Software Development

Data Structures

Multi-threading

GitHub

Summary

This project was created for my Software Development class at the University of San Francisco.

This project was created in several steps over the course of the semester with each step expanding on the functionality of the last. The final result is a search engine programmed in Java that can accept a local file or url as input, build a dataset based on the input, and return search results. The project can be used from the command line or through a user interface created using embedded Jetty and Java servlets.

The search engine sources its data from local files or an input url. When using local files, the engine will parse through text files starting from the source directory to build its dataset. If the input is a url, the search engine uses a custom web crawler to parse through the url and any links on the page. By default the web crawler will only parse the input page but can be set to parse through additional links from the source url for a larger dataset.

The images above show the search and results pages for the search engine user interface.

Part 1: Inverted Index

The first step of the project was to create the data structure needed to store words and their references. I created an inverted index to store a dictionary of words each pointing to a list of objects containing the file where the word was used and its position in the file. This system allows for a quick lookup of all places where the word has been found.

Part 2: Partial Search

The second step of the project was to utilize the inverted index from Part 1 to create partial and exact search algorithms.
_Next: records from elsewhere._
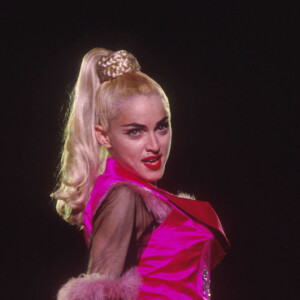 Madonna também já apostou no platinado com os fios longos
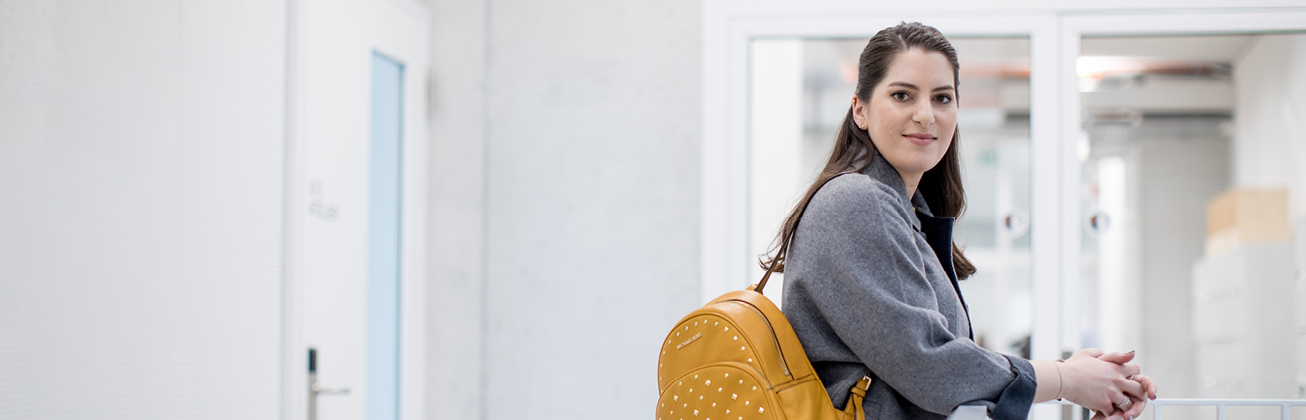 Studentin vor dem Klassenzimmer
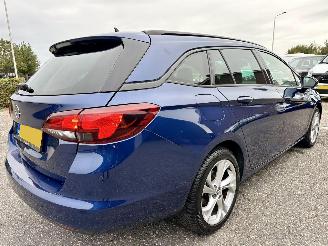 Opel Astra Gereserveerd sports tourer bus elegance 1.2T 131pk 6-bak - nap - navi - cam - bose - stoelverw v+a - stuurverw - keyless - front + line assist picture 5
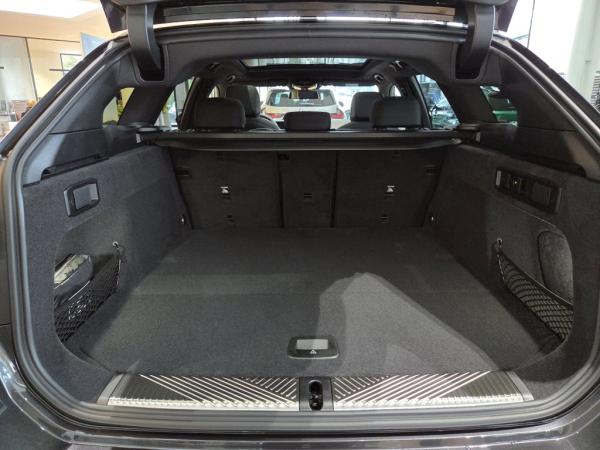 BMW i5 eDrive40 Touring || M Sport Pano Head-Up 360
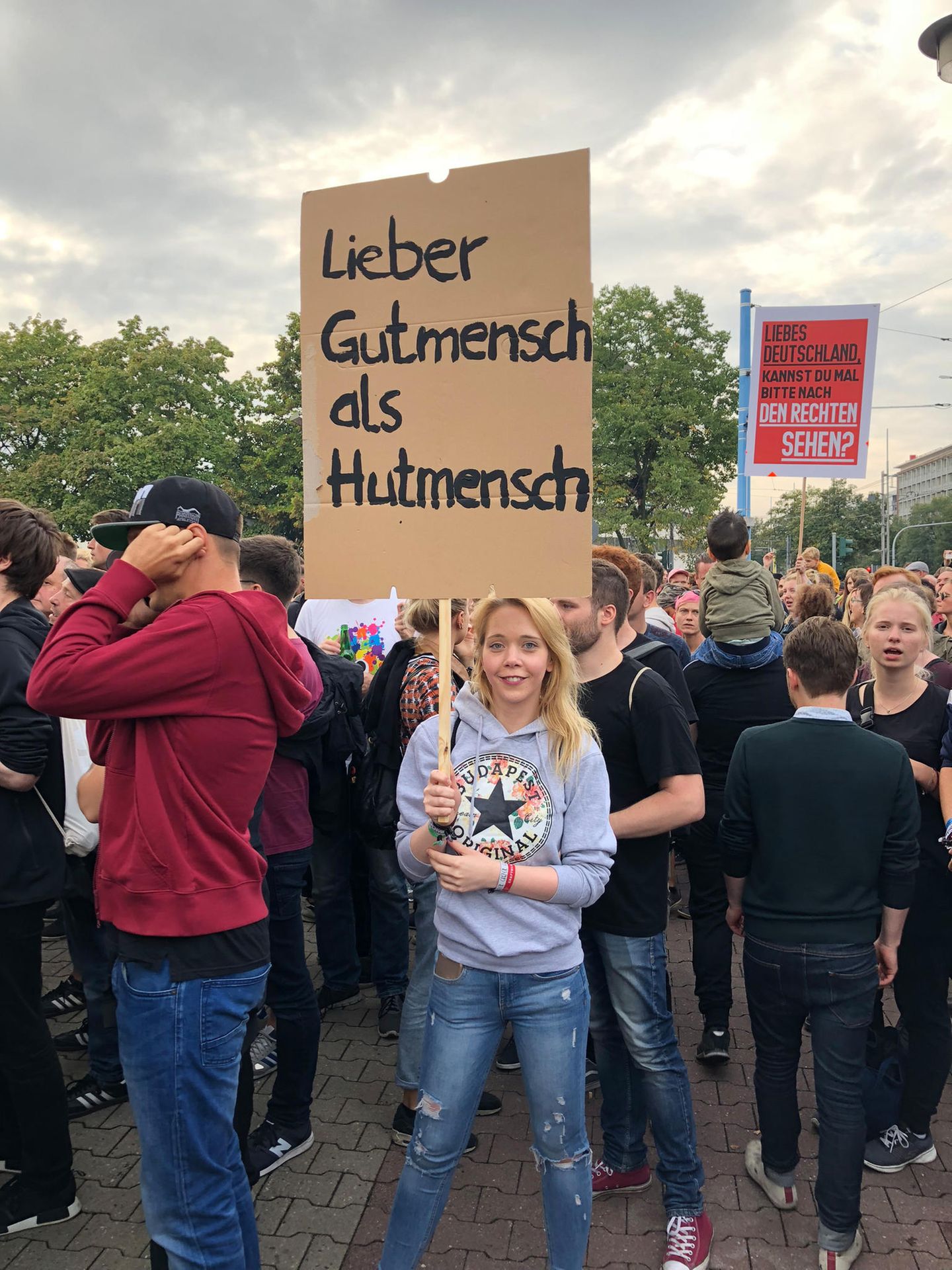 Cindy aus Berlin Stimmenfang auf der #WirSindMehr-Demo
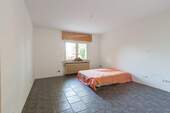 Schlafzimmer EG -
The search algorithm can take multiple arguments and will return the most relevant sources. How relevant a source is is determined by how many times the searched words appear in the source divided the total amount of words. This system prioritizes sources where the words are used frequently and deprioritizes sources where the words are only used as a small fraction of the whole.

Part 3: Multi-threading

The third step of the project was to extend the functionality of the inverted index and search algorithms to work with multi-threading. When multi-threading is enabled, a new thread-safe inverted index is used instead of the default version. The thread-safe version is created with a custom read/write lock class to prevent errors caused by multiple workers editing the data structure at once. The main driver utilizes a work queue to read multiple source files at once. The default behavior of the project is to search using the single-threaded version. Multi-threading needs to be enabled when the program is started.

Part 4a: Web Crawler

Until now, data for the inverted index and searching was sourced from text files stored locally on the computer. The fourth step of the project was to source data for the search engine from the web using a web crawler. The program still maintains all previous functionality but can now accept a url as the source instead of a directory. When started from a url, the driver uses the work queue to assign all work for requesting and parsing any url to a single worker, with multiple workers running in parallel. If any links are found on the page, they will be added to the queue until a worker is assigned. The crawler can accept a limit to how many pages it will crawl before stopping itself (to prevent it from crawling forever) otherwise it will default to only using the source url.

Part 4b: Search Engine

The final part of the project was creating a frontend for users to interact with the search engine. For this I used embedded Jetty and servlets to create a web server in Java that sends an HTML response. When running the program, a web server is created with routes for home and results pages. The search page will search for anything entered into the uri parameters and display the results as links on the page.